DIRECTIONS FOR THIS TASK: Since each line must match the original, copy out the records with no differences at all.

INFORMATION SHOWN:
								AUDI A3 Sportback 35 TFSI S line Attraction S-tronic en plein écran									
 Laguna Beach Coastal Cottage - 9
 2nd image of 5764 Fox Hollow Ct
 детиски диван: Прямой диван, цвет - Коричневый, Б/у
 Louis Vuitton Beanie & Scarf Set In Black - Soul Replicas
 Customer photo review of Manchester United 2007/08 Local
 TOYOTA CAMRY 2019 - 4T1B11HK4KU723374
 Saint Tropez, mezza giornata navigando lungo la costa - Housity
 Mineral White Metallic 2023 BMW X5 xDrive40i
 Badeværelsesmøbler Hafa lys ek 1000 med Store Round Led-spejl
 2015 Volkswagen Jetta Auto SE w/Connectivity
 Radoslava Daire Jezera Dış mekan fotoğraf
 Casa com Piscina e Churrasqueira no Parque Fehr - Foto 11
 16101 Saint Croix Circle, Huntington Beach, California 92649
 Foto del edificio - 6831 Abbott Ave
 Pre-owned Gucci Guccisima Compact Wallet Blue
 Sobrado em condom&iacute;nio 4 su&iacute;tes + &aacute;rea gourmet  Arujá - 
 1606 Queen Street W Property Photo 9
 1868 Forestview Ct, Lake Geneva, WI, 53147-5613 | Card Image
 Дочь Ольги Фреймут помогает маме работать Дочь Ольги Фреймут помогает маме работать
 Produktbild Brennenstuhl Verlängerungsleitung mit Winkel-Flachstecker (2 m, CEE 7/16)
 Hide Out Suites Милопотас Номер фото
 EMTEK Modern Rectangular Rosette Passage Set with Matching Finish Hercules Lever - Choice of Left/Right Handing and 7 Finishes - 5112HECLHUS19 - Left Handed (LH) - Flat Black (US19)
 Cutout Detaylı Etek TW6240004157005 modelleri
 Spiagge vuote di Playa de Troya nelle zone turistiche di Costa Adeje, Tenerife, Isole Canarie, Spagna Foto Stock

EXPECTED ANSWER:
								AUDI A3 Sportback 35 TFSI S line Attraction S-tronic en plein écran									
 Laguna Beach Coastal Cottage - 9
 2nd image of 5764 Fox Hollow Ct
 детиски диван: Прямой диван, цвет - Коричневый, Б/у
 Louis Vuitton Beanie & Scarf Set In Black - Soul Replicas
 Customer photo review of Manchester United 2007/08 Local
 TOYOTA CAMRY 2019 - 4T1B11HK4KU723374
 Saint Tropez, mezza giornata navigando lungo la costa - Housity
 Mineral White Metallic 2023 BMW X5 xDrive40i
 Badeværelsesmøbler Hafa lys ek 1000 med Store Round Led-spejl
 2015 Volkswagen Jetta Auto SE w/Connectivity
 Radoslava Daire Jezera Dış mekan fotoğraf
 Casa com Piscina e Churrasqueira no Parque Fehr - Foto 11
 16101 Saint Croix Circle, Huntington Beach, California 92649
 Foto del edificio - 6831 Abbott Ave
 Pre-owned Gucci Guccisima Compact Wallet Blue
 Sobrado em condom&iacute;nio 4 su&iacute;tes + &aacute;rea gourmet  Arujá - 
 1606 Queen Street W Property Photo 9
 1868 Forestview Ct, Lake Geneva, WI, 53147-5613 | Card Image
 Дочь Ольги Фреймут помогает маме работать Дочь Ольги Фреймут помогает маме работать
 Produktbild Brennenstuhl Verlängerungsleitung mit Winkel-Flachstecker (2 m, CEE 7/16)
 Hide Out Suites Милопотас Номер фото
 EMTEK Modern Rectangular Rosette Passage Set with Matching Finish Hercules Lever - Choice of Left/Right Handing and 7 Finishes - 5112HECLHUS19 - Left Handed (LH) - Flat Black (US19)
 Cutout Detaylı Etek TW6240004157005 modelleri
 Spiagge vuote di Playa de Troya nelle zone turistiche di Costa Adeje, Tenerife, Isole Canarie, Spagna Foto Stock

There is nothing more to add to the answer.